* _AIM OF THE TASK_: Everything in the data gets repeated exactly, except for the pictures.

* _RECORDED INFORMATION_:

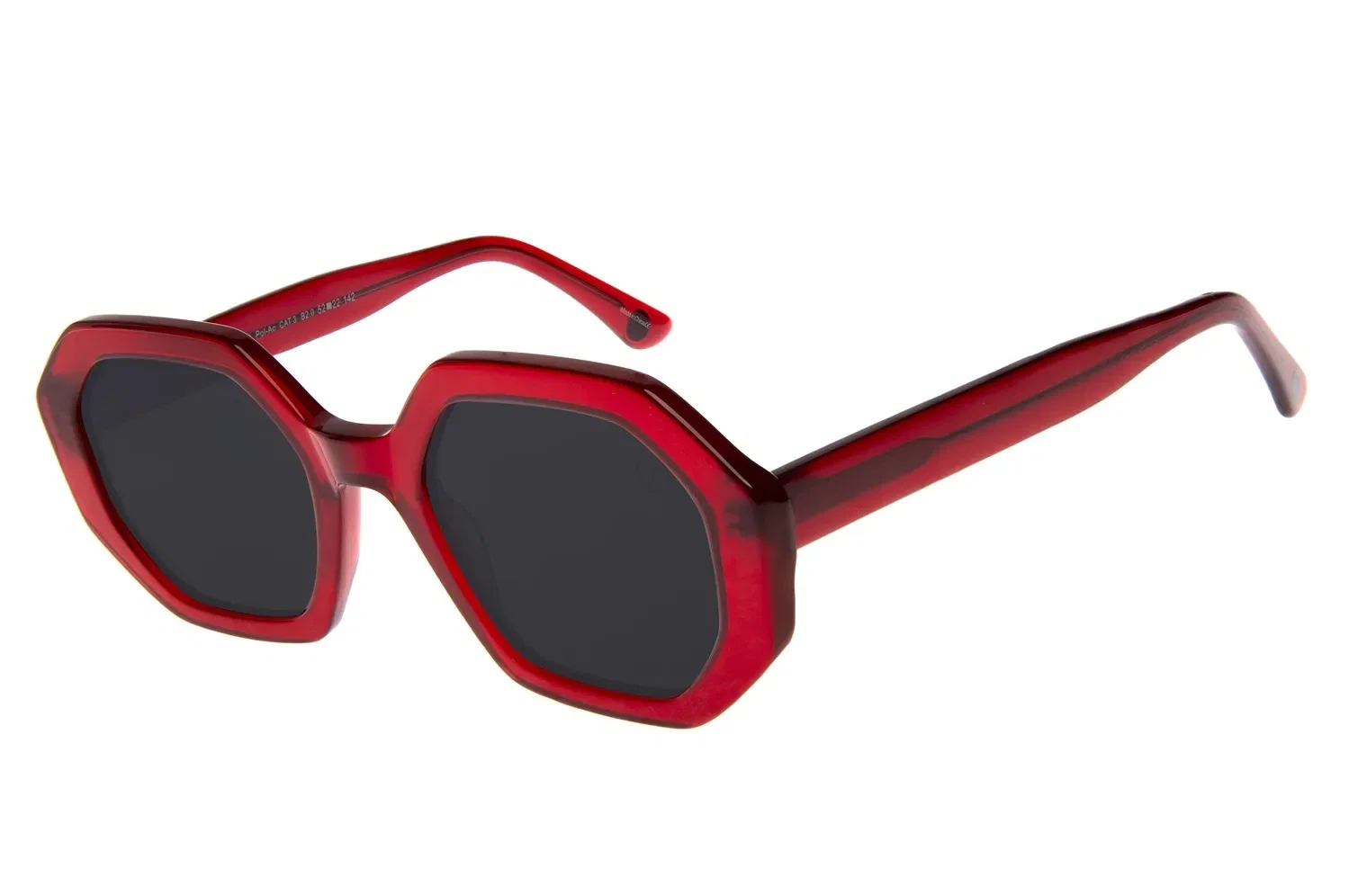 Óculos de Sol Feminino Premium Facetado Vermelho — imagem 1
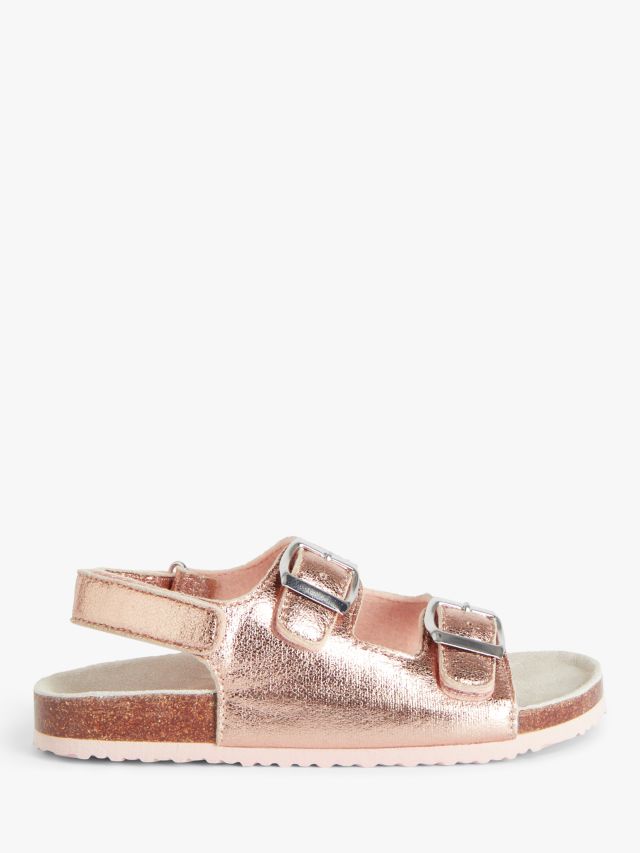 John Lewis Kids Footbed Sandals Rose Gold 5 Jnr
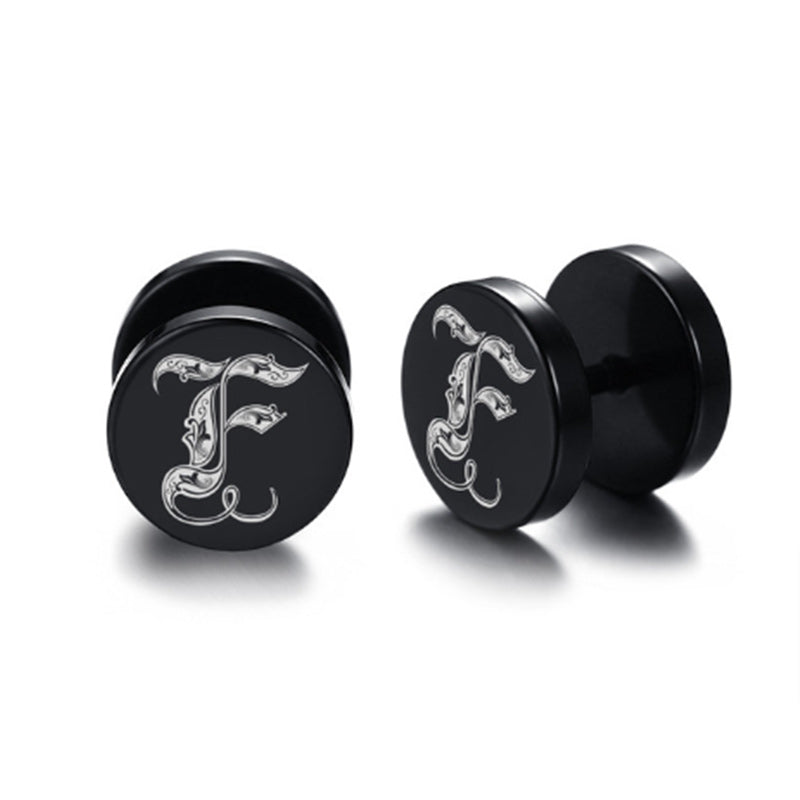 10mm Stainless Steel Stud Hoop Initials 26 Letter Stud Barbell Earrings for Men Women-Earrings-Innovato Design-F-Innovato Design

* _ANSWER TO THE EXERCISE_:
 Óculos de Sol Feminino Premium Facetado Vermelho — imagem 1
 John Lewis Kids Footbed Sandals Rose Gold 5 Jnr
 10mm Stainless Steel Stud Hoop Initials 26 Letter Stud Barbell Earrings for Men Women-Earrings-Innovato Design-F-Innovato Design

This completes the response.